Created attachment 26386 [details] cifs_writepages() assembly and source I'm attaching start of cifs_writepages() and corresponding source code. I believe it should be enough for someone used to this kind of things to see where the oops occurred. I'm not that person, unfortunately. I have to stop for today. I'll try to help in what I can over the weekend.
Probably panicked dereferencing this: if (cifs_sb->wsize < PAGE_CACHE_SIZE) return generic_writepages(mapping, wbc); Most likely cifs_sb was bogus. Not too surprising since the superblock had been freed. Unfortunately, busy inodes after umount problems are very difficult to track down. What would help most for that is a reliable way to reproduce the problem.

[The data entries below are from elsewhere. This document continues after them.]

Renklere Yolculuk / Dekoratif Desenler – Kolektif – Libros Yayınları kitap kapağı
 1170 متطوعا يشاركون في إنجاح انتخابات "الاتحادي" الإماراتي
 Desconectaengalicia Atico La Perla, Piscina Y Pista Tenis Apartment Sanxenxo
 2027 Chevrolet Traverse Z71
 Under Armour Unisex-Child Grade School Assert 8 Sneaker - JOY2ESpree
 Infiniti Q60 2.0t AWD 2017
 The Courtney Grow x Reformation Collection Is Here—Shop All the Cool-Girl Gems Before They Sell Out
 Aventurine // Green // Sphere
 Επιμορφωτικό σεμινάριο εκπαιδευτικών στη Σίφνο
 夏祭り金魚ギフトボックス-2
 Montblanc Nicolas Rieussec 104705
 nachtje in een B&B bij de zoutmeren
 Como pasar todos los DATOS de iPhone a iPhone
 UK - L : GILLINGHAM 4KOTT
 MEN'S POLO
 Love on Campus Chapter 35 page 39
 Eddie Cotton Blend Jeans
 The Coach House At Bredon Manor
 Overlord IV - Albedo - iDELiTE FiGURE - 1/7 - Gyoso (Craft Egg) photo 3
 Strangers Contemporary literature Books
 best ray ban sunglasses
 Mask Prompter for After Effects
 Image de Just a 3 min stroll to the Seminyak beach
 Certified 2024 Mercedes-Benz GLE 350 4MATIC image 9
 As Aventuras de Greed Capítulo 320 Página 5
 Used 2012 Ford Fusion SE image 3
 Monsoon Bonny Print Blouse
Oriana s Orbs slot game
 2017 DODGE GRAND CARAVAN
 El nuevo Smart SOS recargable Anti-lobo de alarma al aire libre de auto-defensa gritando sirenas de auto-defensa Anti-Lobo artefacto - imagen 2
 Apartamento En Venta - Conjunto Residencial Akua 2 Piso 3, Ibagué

Could this be some kind of race condition? Some inodes off of an unmounted filesystem with pages to be written out to the backing store? I think Jeff is right, EIP: [<c110d057>] cifs_writepages+0x35/0x60a SS:ESP 0068:f7885dcc EAX: 00000400 2f73: 81 78 14 ff 0f 00 00 cmpl $0xfff,0x14(%eax) if (cifs_sb->wsize < PAGE_CACHE_SIZE)
Maybe. Are we not reliably flushing on close()? I'll need to take a look and see if I can reproduce it on my more recent kernel.
Oh, and btw...you can also run gdb on the uncompressed vmlinux image that the kernel build produces...
Created attachment 26389 [details] patchset 3 Here's a third patchset that's probably pretty close to what I'll propose upstream. The main change is that it also forces revalidation of the file after the last close. I doubt this will help the reproducer here, but it might. The default setting of serverino will need to be dealt with and discussed separately. I still think it's the safest course of action, but we should probably take it to the list. I'll also need to see if I can reproduce this problem myself, especially the busy inodes after umount problem.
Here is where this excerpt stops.